Ethiopia’s federal government has said rival forces from the war-hit Tigray region had been beaten in neighbouring Afar region and had withdrawn, but the Tigrayan forces said they had simply redeployed troops to next-door Amhara region for an offensive there.
“The TPLF force has left Afar,” foreign ministry spokesperson Dina Mufti told reporters at a news conference in the capital, Addis Ababa, referring to the Tigray People’s Liberation Front (TPLF), which ruled Ethiopia for three decades but was the northern region’s ruling party when fighting broke out in November 2020.
“According to a military information, they were defeated and they left,” he said.
Tigrayan spokesperson Getachew Reda, speaking to Reuters news agency by satellite phone from an undisclosed location, said the Ethiopian authorities had only now realised Tigrayan forces had withdrawn.
“We were not defeated. There was no fighting in Afar so we made troop movements from there to the highlands in adjoining Amhara region,” he said.
It was not immediately possible to verify either claim.
Prime Minister Abiy Ahmed’s spokeswoman told a news conference in Addis Ababa that the Tigrayan forces had been “routed” in the Afar region by the military and the region’s militia forces, which she said had closely collaborated and inflicted heavy losses on the Tigrayan forces.
“The Afar militia has been working in close collaboration with the national defence forces and the TPLF have sustained a lot of losses over the past weeks,” Billene Seyoum said.
Getachew disputed the claim in a series of Twitter posts.
“#Abiy & Co are trying to have their supporters believe that they are making advances in battlefields in #Amhara and #Afar: they are not,” he said, adding that “thousands are being mopped down by our forces” daily.
“The fighting in Amhara region is proceeding in a manner that will make sure #Abiy cannot lie his way out,” he said.
Northern Ethiopia has been racked by violence since last November when Abiy, the 2019 Nobel Peace Prize winner, sent troops into Tigray, saying the move was in response to attacks on army camps by the TPLF.

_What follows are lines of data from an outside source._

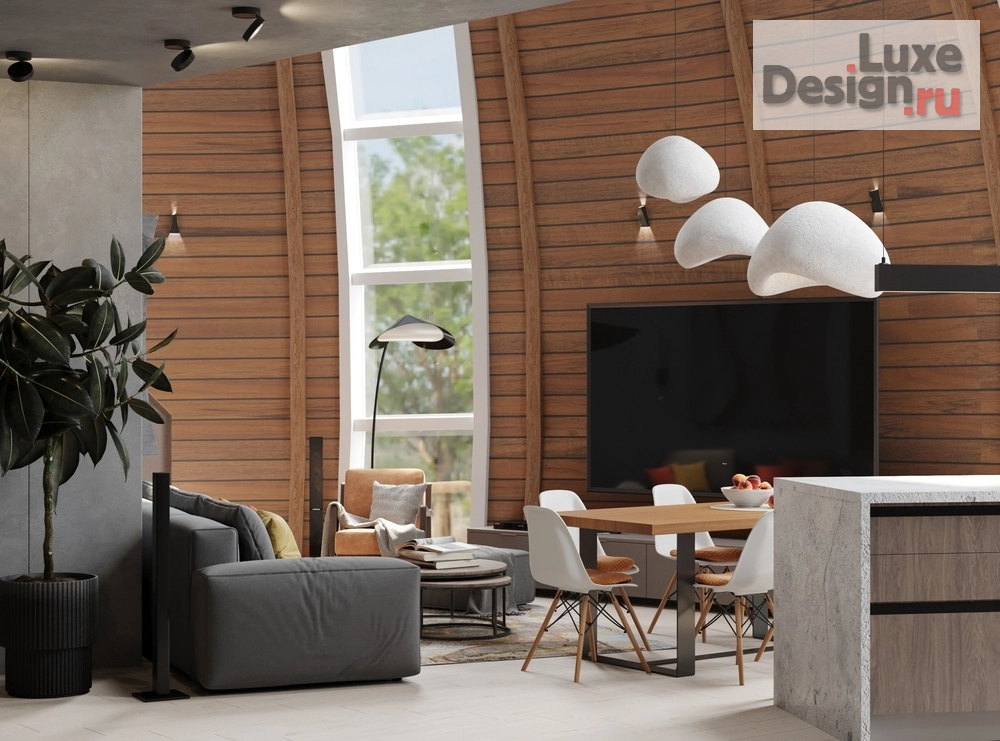 Дизайн интерьера частного дома "Дом-сфера" (фото 1)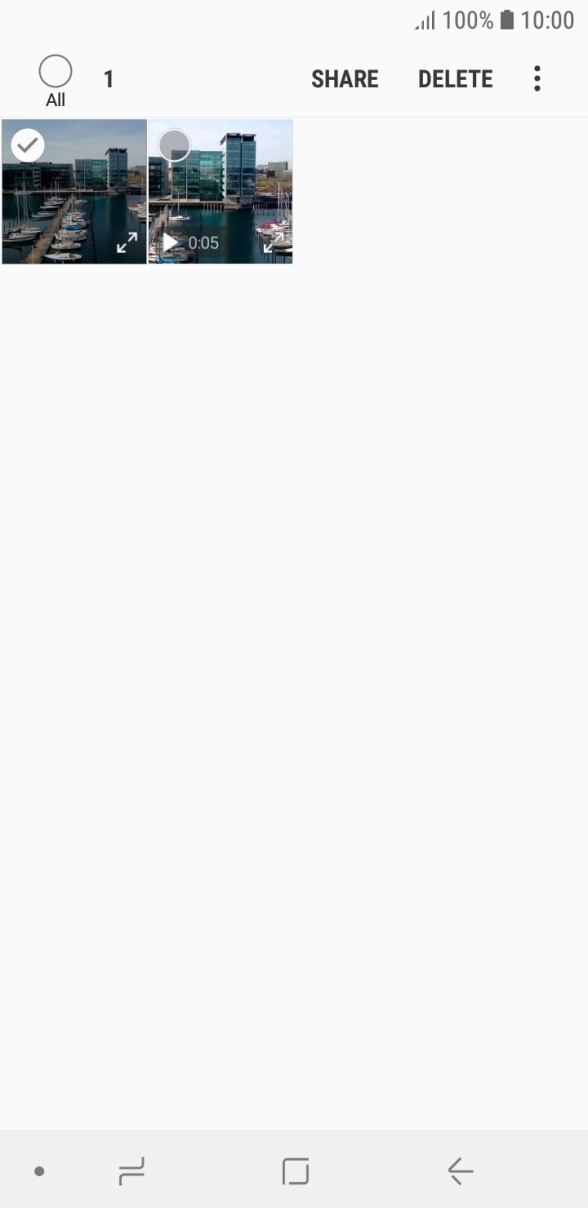 Press the field above 'All'. Press the field above 'All'.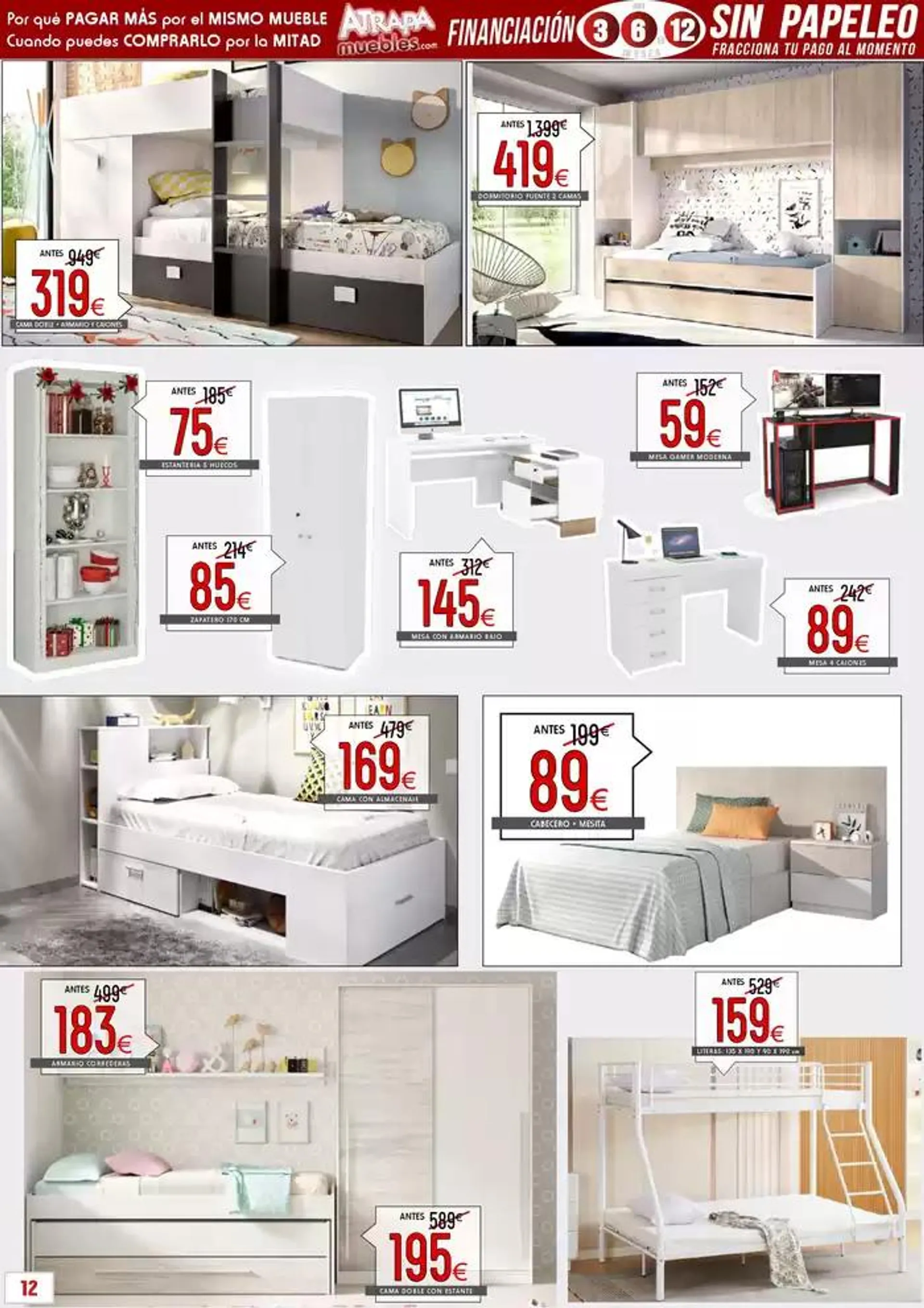 Catálogo de Atrapamuebles. Tu tienda de muebles ONLINE. 26 de abril al 31 de mayo 2025 - Página 12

The TPLF, which dominated national politics until Abiy came to power in 2018, said federal forces and its allies launched a “coordinated attack” against it.
The 10-month war has killed thousands of people and forced more than two million to flee their homes. There have been myriad reports of massacres and atrocities, including rape and extrajudicial killings, and hundreds of thousands of people suffering famine.

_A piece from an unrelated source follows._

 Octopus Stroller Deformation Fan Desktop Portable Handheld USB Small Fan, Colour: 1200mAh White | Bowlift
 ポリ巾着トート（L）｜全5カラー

In July, after the TPLF recaptured the regional capital of Mekelle and seized back most of Tigray, its forces advanced into Afar and Amhara regions, marking an expansion of the conflict into previously untouched areas.
Since then, the government estimates that about 450,000 people have fled fighting in those two regions.

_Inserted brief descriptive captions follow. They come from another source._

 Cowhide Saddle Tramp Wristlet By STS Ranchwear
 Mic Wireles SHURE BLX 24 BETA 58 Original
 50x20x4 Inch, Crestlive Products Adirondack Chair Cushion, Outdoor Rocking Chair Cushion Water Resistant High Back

Abiy rejected early appeals from high-level AU envoys for talks with Tigrayan leaders, sticking to his line that the conflict is a limited “law and order” operation.
On Thursday, Billene said Ethiopia was considering offers by neighbouring countries to help facilitate a solution to the conflict.
“These efforts are seen positively by the Ethiopian government and as an extension of goodwill, and they are being reviewed.”